Confronting political opponents with the support of religious extremists amply indicate the bankruptcy of a supplicant ruling party. Legitimising religiosity to prop up political vested interests is a clear lack of political acumen and stewardship. Similarly, the PTI’s avoidance of condemning Taliban in unequivocal terms is another example of apologetic approach. It was five days after the Peshawar incident when the PTI’s core committee named the perpetrators and condemned them. If leading political parties adopt a policy of pandering terrorist outfits, the country will remain trapped in the quagmire of terrorism.
This approach encourages violent mobs to lynch putative blasphemers without any evidence. It lets clerics to freely abuse pulpits to incite hate and violence in society. The very approach glorifies heinous murderers and elevates their stature from a condemned criminal to an adorable hero and epitome of piety. On the other hand, it muzzles every voice of sanity that demands to demarcate the limits of lunacy. Thus demand for separating faith from the State business becomes an unpardonable sin likened to infidelity. Infusing society with this scale of bigotry breeds intolerance and lunacy of unfathomable proportions. A precipitous descent of the society into chaos and anarchy is a logical corollary of the course. Practicing this prescription for decades, Pakistan has become a nursery of pathological obscurantists.
While it is customary to blame foreign hand behind every act of terrorism, reciprocally we are also blamed for offering cozy sanctuaries to the elements involved in the acts of naked terrorism in other parts of the world. Some of them not only roam freely but also convene public rallies, persuade people and forces to take up arms for jihad, brazenly promote violence and exhort pogroms of sectarian and religious minorities.
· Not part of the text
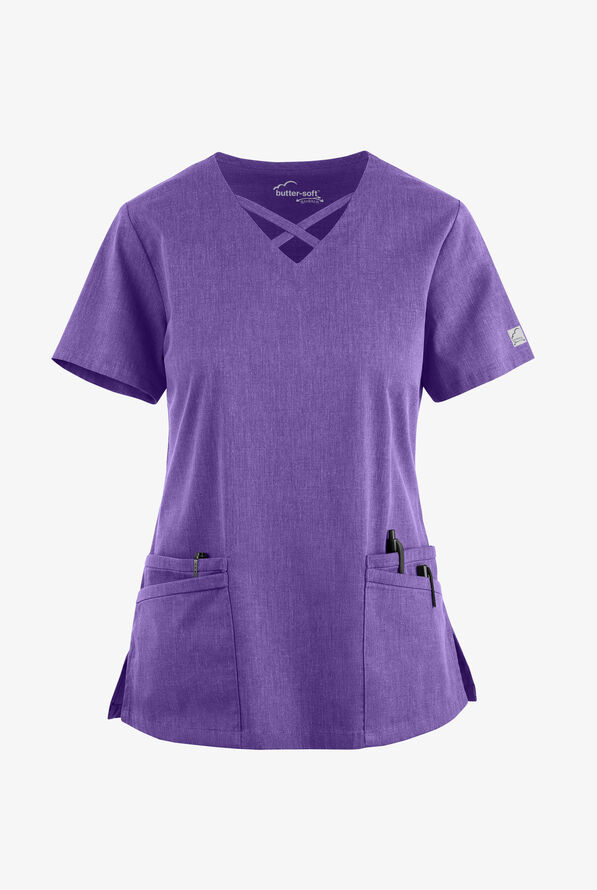 Butter-Soft STRETCH Women's 4-Pocket Crisscross Scrub Top - Sparkling Grape Heather - 1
They are at liberty to use every public space from mosques to media shows to spew verbal venom with complete impunity. They do not need licenses from poor PEMRA to operate radio or tv channels to air any uncensored content. They can publish literature full of distorted interpretations of religious scriptures. Patted by the powerful patrons, these clerics can conveniently demonize anyone with the charge of apostasy, issue decrees of capital punishment and even publically decapitate the accused yet stay unscathed.
They hardly tolerate existence of womenfolk on earth. From legislation to moon sighting, almost every State and public affair has been made subservient to the clergy. Some of these self-proclaimed guardians of religion were instrumental in instigating gruesome acts of arson against Christian, Hindu, Qadyani and Shia Pakistanis. They do not hesitate to burn them alive, mercilessly kill their innocent children, defile their sacred places and vandalise their deities. All this would not have been possible without tacit support or nonchalance of the highest power centers in the country.
Peshawar incident is nothing but the continuum of this insanity that has plagued the country for decades now. This is high time to decide if this Frankenstein is a strategic asset or an eternal enemy of this country and the humanity. Rather than exterminating the monster of extremism, exploring possibilities of an armistice, as suggested by the president to the prime minister, would be tantamount to paving way for more Peshawar-like macabre scenes.